Canalblog
Editer l'article Suivre ce blog Administration + Créer mon blog
Publicité
Errances philosophiques
4 septembre 2014

La galère de Joligibus

Jologibus 

La corvée de Joligibus[1] consiste à balayer la totalité de la cour de sa caserne. Joligibus a une technique à lui : avant de balayer la totalité d'une dalle, il en balaye la moitié, «souffle un peu», et entreprend de balayer la moitié restante avant la prochaine pause.

Aujourd'hui, il a décidé d'affiner sa technique et de procéder avec la moitié restante comme il a procédé au départ de la dalle entière. Il va diviser en deux la partie restante, « souffler un peu » reprendre le travail, « souffler un peu », diviser à nouveau en deux la partie restante, et ainsi de suite. Ainsi, il « soufflera un peu » beaucoup plus souvent.

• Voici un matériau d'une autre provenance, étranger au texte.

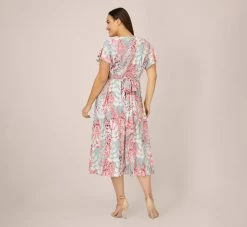 Adrianna Papell Plus Size Floral-Print Fit-And-Flare Midi-Length Chiffon Dress In Aqua Multi -Adrianna Papell Shop AP1D104656 BZ980 Plus Back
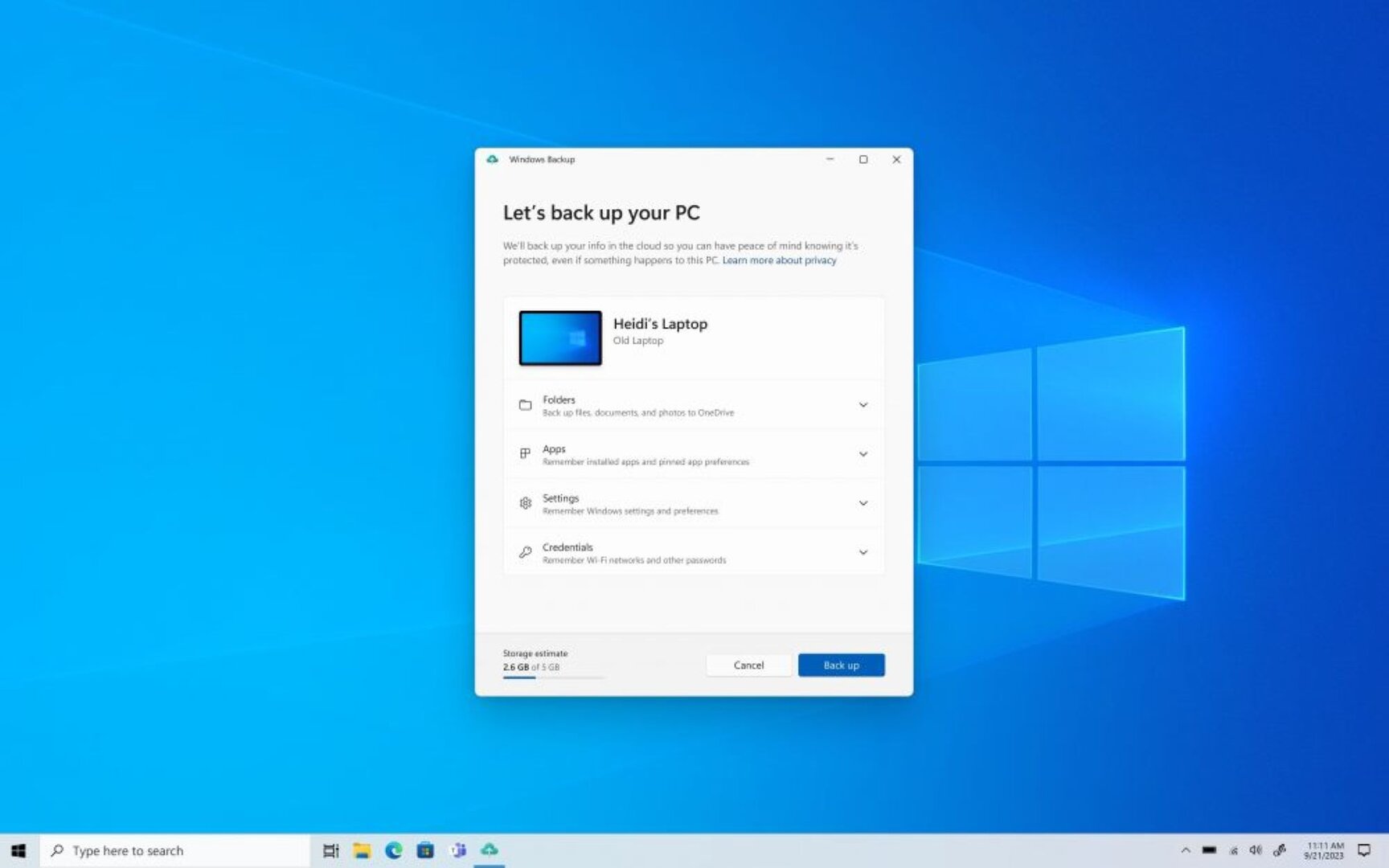 Aggiornamento autunnale di Windows 11: backup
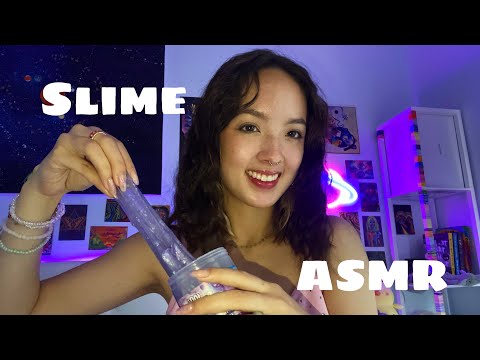 ASMR | SLIME HAUL!!! + hand sounds, mouth sounds, rambling, and a makeup application 🤍🤍🤍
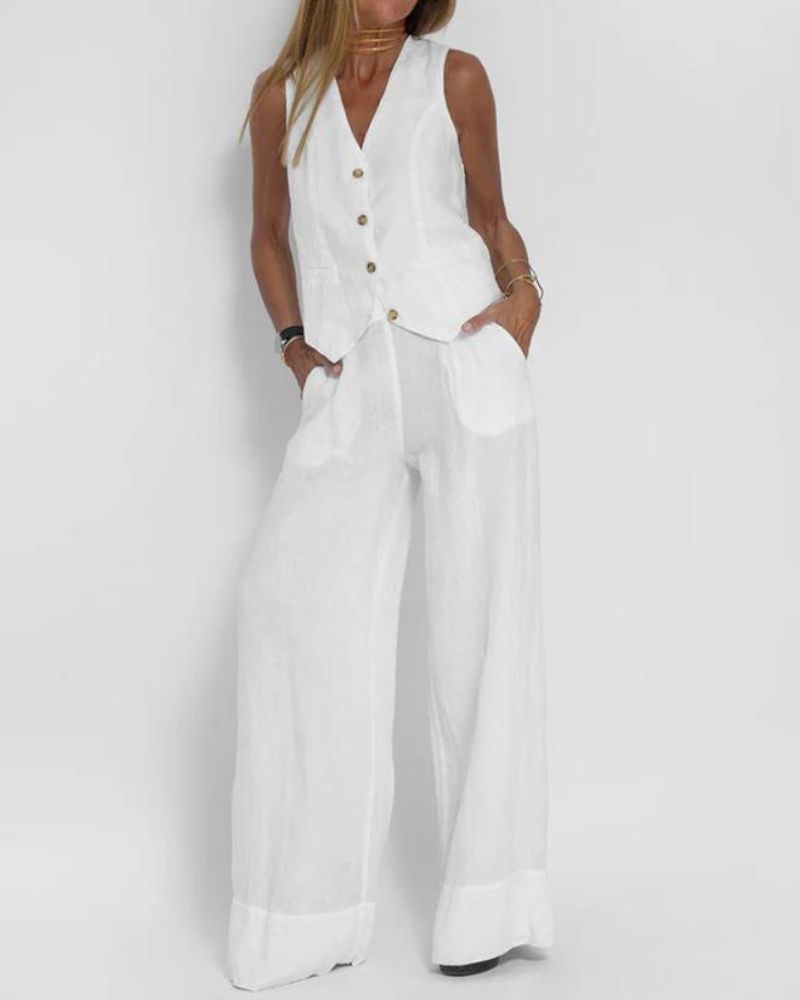 Melia™ | Chic Mouwloos Set en Broek Met Wijde Pijpen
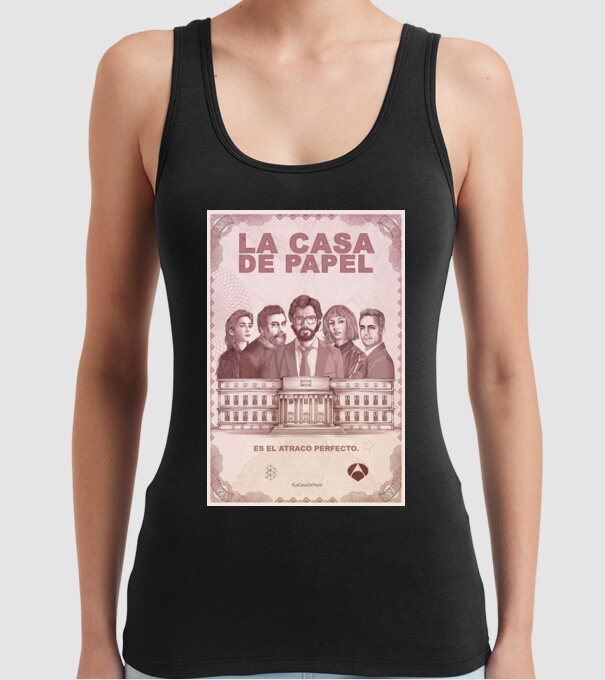 la casa de papel poster model negru pe tricou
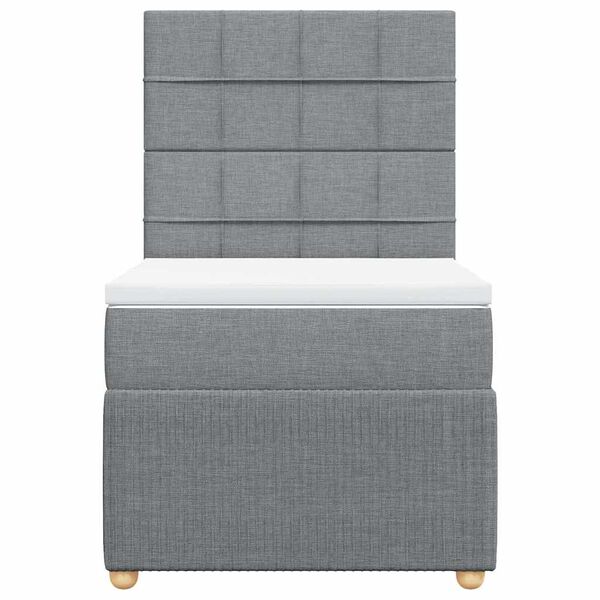 vidaXL Cama box spring con colch&oacute;n tela gris claro 90x190 cm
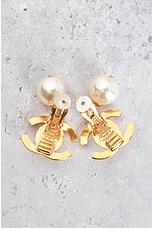 FWRD Renew Chanel Turnlock Pearl Clip-On Earrings in Gold, view 5, click to view large image.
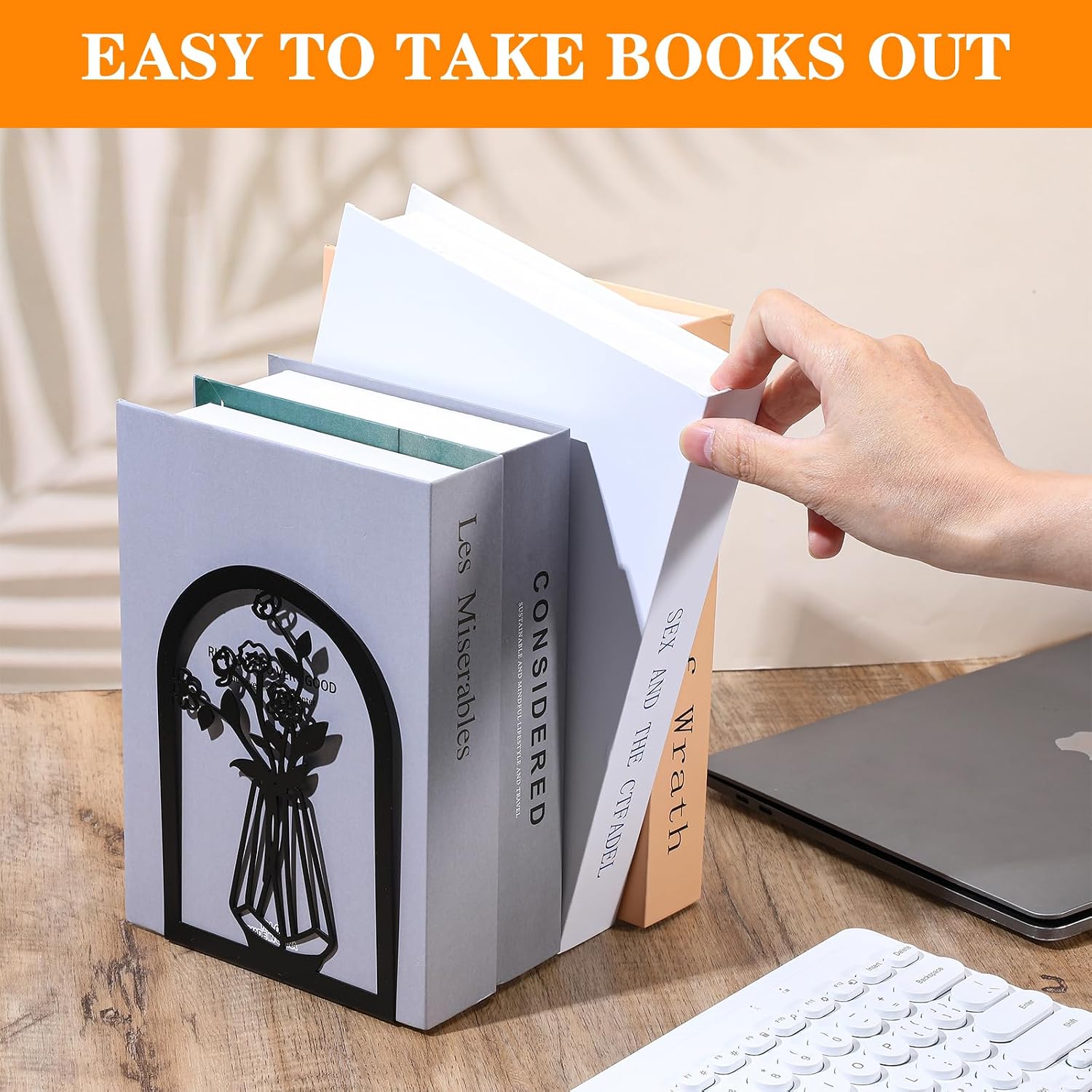 Decorative Metal Bookends / Flower Book Shelf Holder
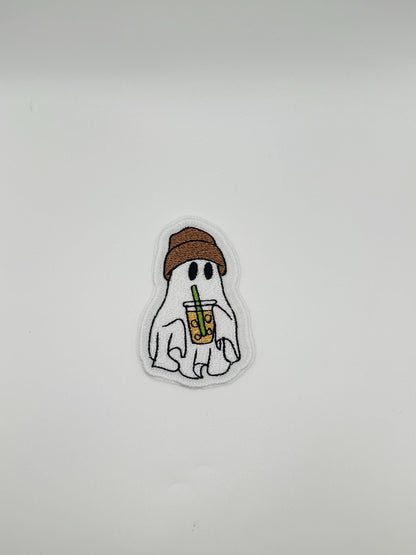 Halloween Ghost Embroidery Patch. Friendly  Ghosts drinking a Cold beverage. 5.77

Travaillant dans l’espace Euclidien, il va se trouver confronté au même problème que la flèche de Zénon qui n'atteint jamais sa cible car il lui reste toujours une moitié de distance à franchir. Selon ce raisonnement Joligibus ne parviendra jamais à balayer la totalité de la dalle et, à plus forte raison, la cour de sa caserne.

Or, dans les faits, la flèche de Zénon atteint néanmoins sa cible. La cohérence du raisonnement de Zénon n'est pourtant pas en cause. L'erreur se trouve donc ailleurs, dans les prémisses. L'erreur, c'est peut-être d'avoir ignoré Démocrite et ses atomes insécables. En effet, l’analyse de Zénon part de l'hypothèse d'un espace indéfiniment sécable. Or la physique quantique démontre le contraire. L’espace et le temps comportent une discontinuité constitutive. Il existe une distance insécable (10-33 cm) la plus petite unité d’espace dans l'univers, tout comme 10-43 secondes représente l’unité de temps incompressible.

Replaçons Joligibus dans l'espace quantique. De moitié d'espace en moitié d'espace il parviendra au seuil de l'espace insécable. A première vue, cela signifie que s’il entreprend de vouloir balayer la moitié de cet espace insécable, c'est en réalité la totalité qu'il balaiera malgré lui. A première vue, dans l’espace insécable 0,5 = 1.

Mais réfléchissons un peu plus : il ne pourra même pas faire effectuer un mouvement à son balais car effectuer un mouvement c'est déplacer le balais de portions en portions d'espace, ce qui est impossible cet espace étant insécable. Dans l'espace insécable, le balais a décrit la distance avant même d'avoir commencé à se déplacer : dans l’espace insécable on est aussi dans le temps incompressible. A priori il reste à Joligibus deux issues possibles : balayer sans se mouvoir ou constater l'impossibilité d'aller plus loin. Dans l’espace insécable 1 = 0.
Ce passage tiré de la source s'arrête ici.